■ Collection entries
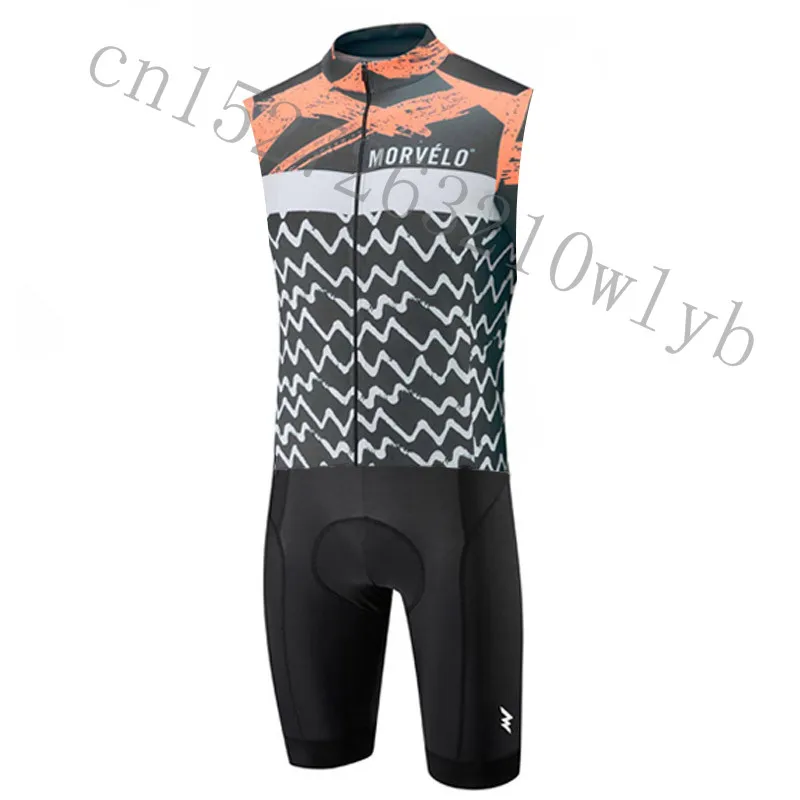 Горячая Morvelo ropa ciclismo летняя дышащая новая КОМАНДА триатлон Велоспорт Skinsuit Ciclismo
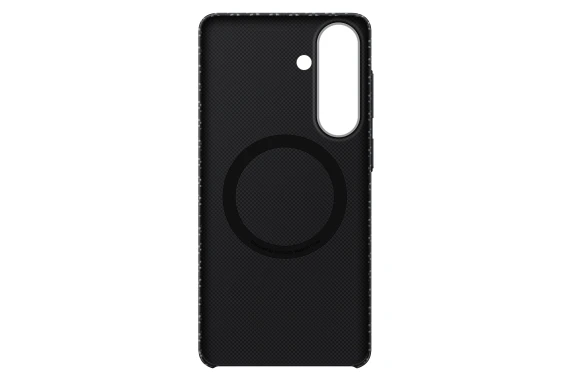 KS947SS oglekļa magnētu korpuss Samsung Galaxy S26 Plus, pelēks
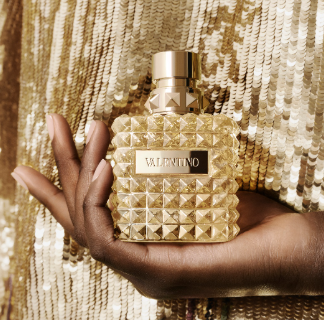 Born in Roma The Gold Donna - 1 + 1 Gratis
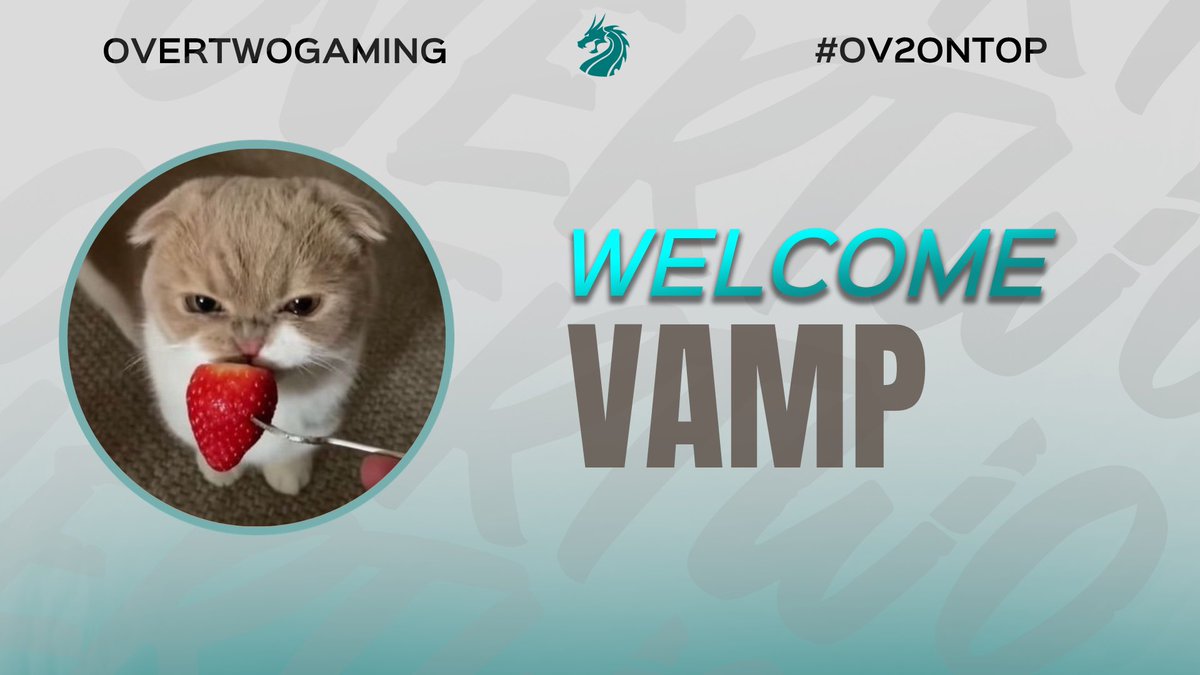 OV2 GAMING tweet media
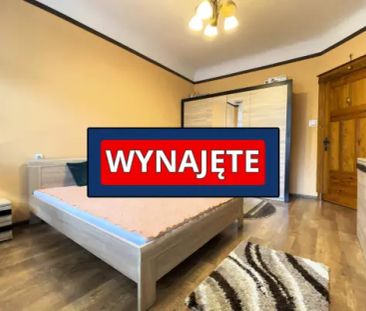 3 OSOBNE POKOJE, ODDZIELNA KUCHNIA, BALKON - Photo 2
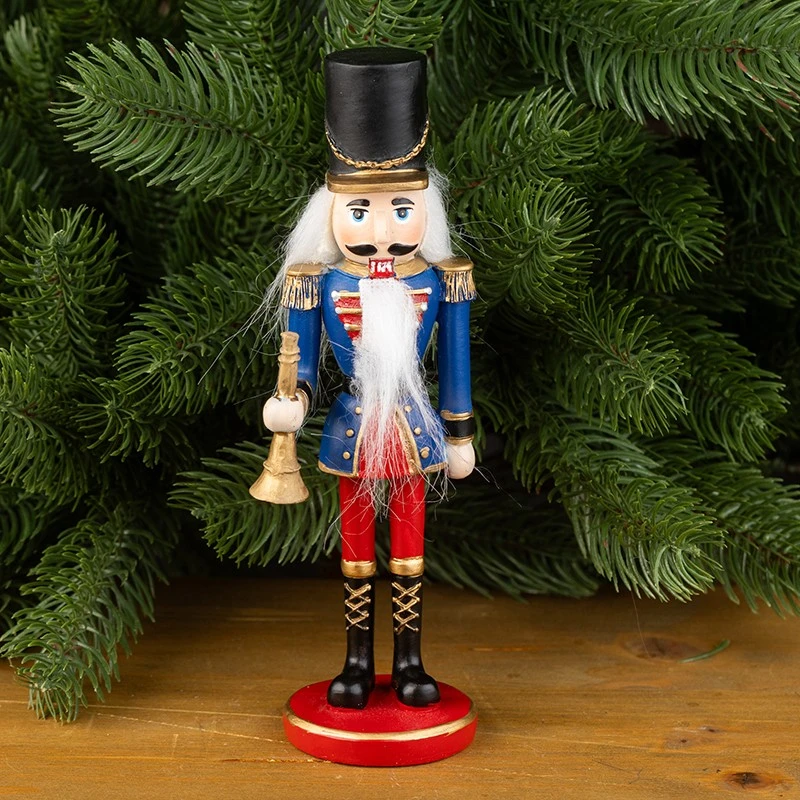 Коледна фигура Лешникотрошач AR021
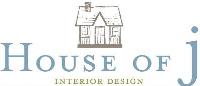 House of J logo House of J logo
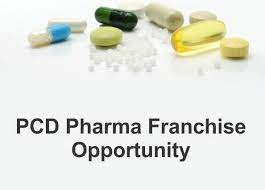 PCD Pharma Franchise Company in Jammu & Kashmir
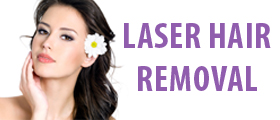 Dermatology Cleveland - Laser Hair Removal Pre-Treatment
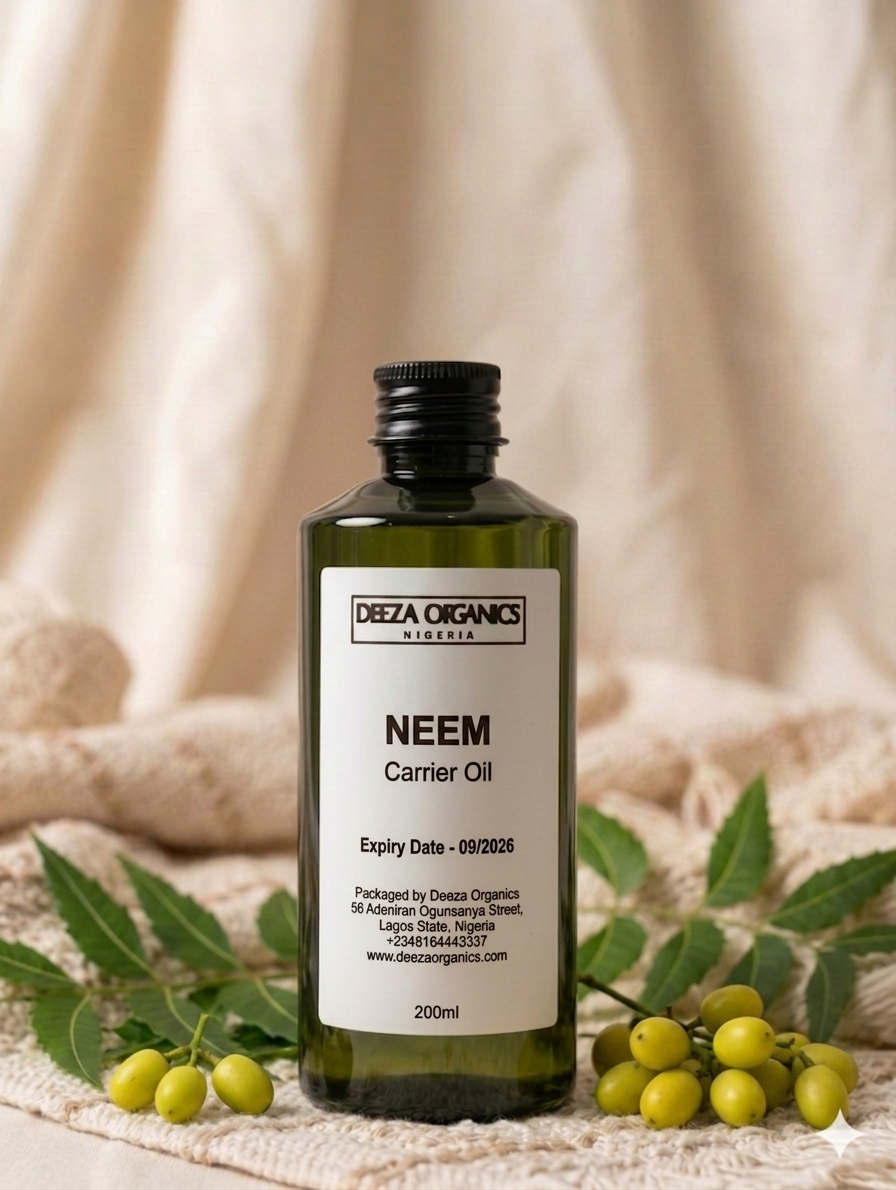 Neem Oil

■ Work task
Repeat the data exactly in full, omitting its pictures.

■ Exercise answer
 Горячая Morvelo ropa ciclismo летняя дышащая новая КОМАНДА триатлон Велоспорт Skinsuit Ciclismo
 KS947SS oglekļa magnētu korpuss Samsung Galaxy S26 Plus, pelēks
 Born in Roma The Gold Donna - 1 + 1 Gratis
 OV2 GAMING tweet media
 3 OSOBNE POKOJE, ODDZIELNA KUCHNIA, BALKON - Photo 2
 Коледна фигура Лешникотрошач AR021
 House of J logo House of J logo
 PCD Pharma Franchise Company in Jammu & Kashmir
 Dermatology Cleveland - Laser Hair Removal Pre-Treatment
 Neem Oil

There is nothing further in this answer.